Among California Leaguers, Lake Elsinore’s (Angels) Darren Blakely, the aforementioned Chen, and Bakersfield’s (Giants) Doug Clark looked like they might have futures. Blakely, a switch-hitting center fielder drafted in the fifth round last year out of the University of Hawaii, can absolutely fly. I actually saw him play in college and I don’t remember much about him except that any time he reached first base and there was nobody ahead of him on the bases, it wasn’t long before he was on second base. He’s a good bunter and he’s big enough (6’0″, 190 lbs.) to hit the ball with some authority. Like Matos, Blakely reminds me of Devon White, not in terms of body type — Blakely looks like a football player — but in terms of playing style. As for Chen, he was probably the single most impressive hitter in this game. He walked his only two times up, but he showed a very quick bat and in the home run contest he flexed his muscles a bit. Chen also runs very well and aggressively; he stole second after one of his walks, before being thrown out attempting to steal third. Clark had an outstanding game this night, singling, walking twice (once intentionally), and hitting an absolute bomb some 430 feet to dead center field. Like Furniss, Clark is a lefty with a sweet swing, and like Furniss he is 23. The Giants’ seventh round pick in the 1998 draft will need to advance quickly to have a shot. The way he’s playing right now, he might do just that.

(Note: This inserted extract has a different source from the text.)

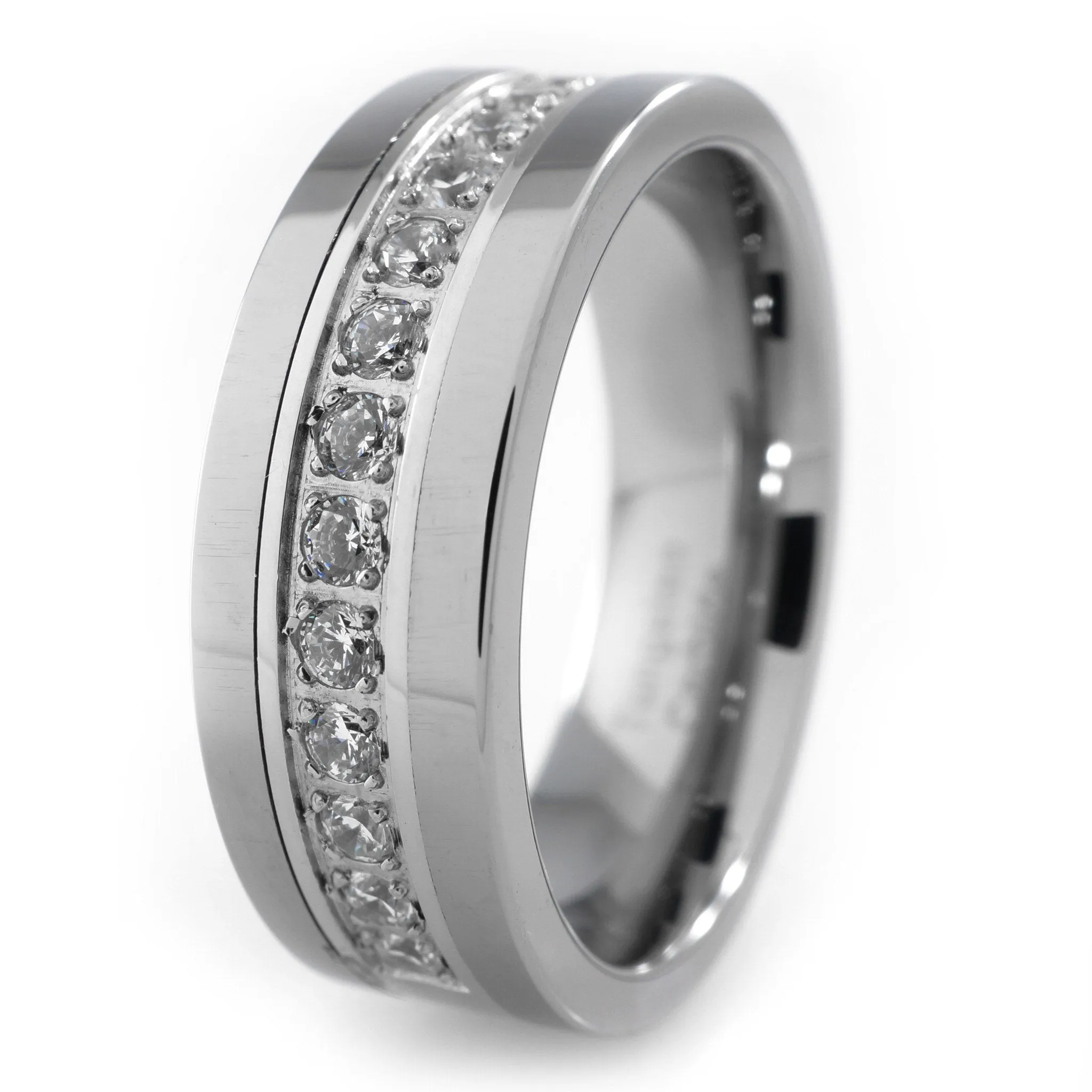13 CZ Stone Silver Tungsten Carbide Ring 8MM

Well, this article has gone on a lot longer than I’d intended it to. I hope you’ve enjoyed reading it as much as I enjoyed writing it. Before I go, I’ll leave you with the names of a few more players who made a positive impression on me at the All-Star Game but not enough to ramble on at length about them: Rick Guttormson, RHP, Rancho Cucamonga; Mike Gonzalez, LHP, Lynchburg; and Josh Kalinowski, LHP, Salem. Keep an eye out for them.
Thanks for stopping by, and I’ll see you at the game!